How Can I Recognize a Scam?

  1. It sounds too good to be true - You’ve won a big prize in a contest that you don’t recall entering. You’re offered a once-in-a-lifetime investment that offers a huge return. You’re told that you can buy into a lottery ticket pool that cannot lose.
  2. You must pay or you can’t play - “You’re a winner!” but you must agree to send money to the caller in order to pay for delivery, processing, taxes, duties or some other fee in order to receive your prize. Sometimes the caller will even send a courier to pick up your money.
  3. You must give them your private financial information - The caller asks for all your confidential banking and/or credit card information. Honest businesses do not require these details unless you are using that specific method of payment.
  4. Will that be cash… or cash? Often criminal telemarketers ask you to send cash or a money order, rather than a cheque or credit card. Cash is untraceable and can’t be cancelled. And, crooks also have difficulty in establishing themselves as merchants with legitimate credit card companies.
  5. The caller is more excited than you are - The crooks want to get you excited about this “opportunity” so that you won’t be able to think clearly.
  6. It’s the manager calling - The person calling claims to be a government official, tax officer, banking official, lawyer or some other person in authority. The person calls you by your first name and asks you a lot of personal or lifestyle questions (like how often do your grown children visit you).
  7. The stranger calling wants to become your best friend - Criminals love finding out if you’re lonely and willing to talk. Once they know that, they’ll try to convince you that they are your friend – after all, we don’t normally suspect our friends of being crooks.
  8. It’s a limited opportunity and you’re going to miss out - If you are pressured to make a big purchase decision immediately, it’s probably not a legitimate deal. Real businesses or charities will give you a chance to check them out or think about it.
  9. What can I do to protect myself? Remember, legitimate telemarketers have nothing to hide

Remember, you can Stop Phone Fraud – Just Hang Up!

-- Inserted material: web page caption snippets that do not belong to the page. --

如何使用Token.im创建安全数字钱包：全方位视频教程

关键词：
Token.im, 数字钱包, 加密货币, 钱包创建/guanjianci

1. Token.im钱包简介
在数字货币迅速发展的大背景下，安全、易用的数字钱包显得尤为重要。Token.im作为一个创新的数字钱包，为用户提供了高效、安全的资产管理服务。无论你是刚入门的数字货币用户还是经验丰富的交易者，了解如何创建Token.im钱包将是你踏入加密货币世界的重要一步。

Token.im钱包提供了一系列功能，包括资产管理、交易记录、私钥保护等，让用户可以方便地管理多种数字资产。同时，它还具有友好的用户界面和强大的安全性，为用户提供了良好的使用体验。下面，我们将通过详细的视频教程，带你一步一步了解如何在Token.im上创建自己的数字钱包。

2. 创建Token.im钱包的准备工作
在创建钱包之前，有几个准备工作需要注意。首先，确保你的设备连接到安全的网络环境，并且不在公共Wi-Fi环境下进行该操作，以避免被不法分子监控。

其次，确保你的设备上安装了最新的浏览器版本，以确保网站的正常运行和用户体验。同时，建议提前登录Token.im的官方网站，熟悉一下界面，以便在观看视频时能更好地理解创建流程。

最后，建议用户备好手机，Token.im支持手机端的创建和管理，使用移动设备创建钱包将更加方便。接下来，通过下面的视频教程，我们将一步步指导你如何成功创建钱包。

If you’re in doubt, it’s wise to ask the advice of a close friend or relative, or even your banker. Rely on people you can trust.

Criminals will say anything to part you from your hard-earned money. Be cautious.

You have the right to check out any caller by requesting written information, a call back number, references and time to think over the offer.

Legitimate business people will be happy to provide you with that information. After all, they want the “bad guys” out of business too. Always be careful about providing confidential personal information, especially banking or credit card details, unless you are certain the company is legitimate. And, if you have doubts about a caller, your best defence is to simply hang up. It’s not rude – it’s smart.

Worried About a Friend or Relative?

Watch for any of these warning signs:
  • a marked increase in the amount of mail with too-good-to-be-true offers
  • frequent calls offering get-rich-quick schemes or valuable awards, or numerous calls for donations to unfamiliar charities
  • a sudden inability to pay normal bills
  • requests for loans or cash
  • banking records that show cheques or withdrawals made to unfamiliar companies
  • secretive behaviour regarding phone calls.
If you suspect that someone you know has fallen prey to a deceptive telemarketer, don’t criticize them for being naïve. Encourage that person to share their concerns with you about unsolicited calls or any new business or charitable dealings. Assure them that it is not rude to hang up on suspicious calls. Keep in mind that criminal telemarketers are relentless in hounding people – some victims report receiving 5 or more calls a day, wearing down their resistance. And, once a person has succumbed to this ruthless fraud, their name and number will likely go on a “sucker list”, which is sold from one crook to another.

For Your Protection

  • Do not rush into something involving your money or property.
  • Never give your credit card numbers out over the phone, nor any other information unless you are absolutely sure of who you are dealing with.
  • Be wary of something-for-nothing or get-rich-quick schemes.
  • Never sign a contract until you and your lawyer, bank, or other expert has thoroughly read it.
  • Never turn over large sums of cash to anyone, especially a stranger, no matter how promising the deal looks.
  • Do not hesitate to check the credentials of a salesman or public official.
  • Report all suspicious offers to the police immediately, before the swindler leaves town in search of other victims.
  • Arrange for incoming cheques to be sent directly to your bank.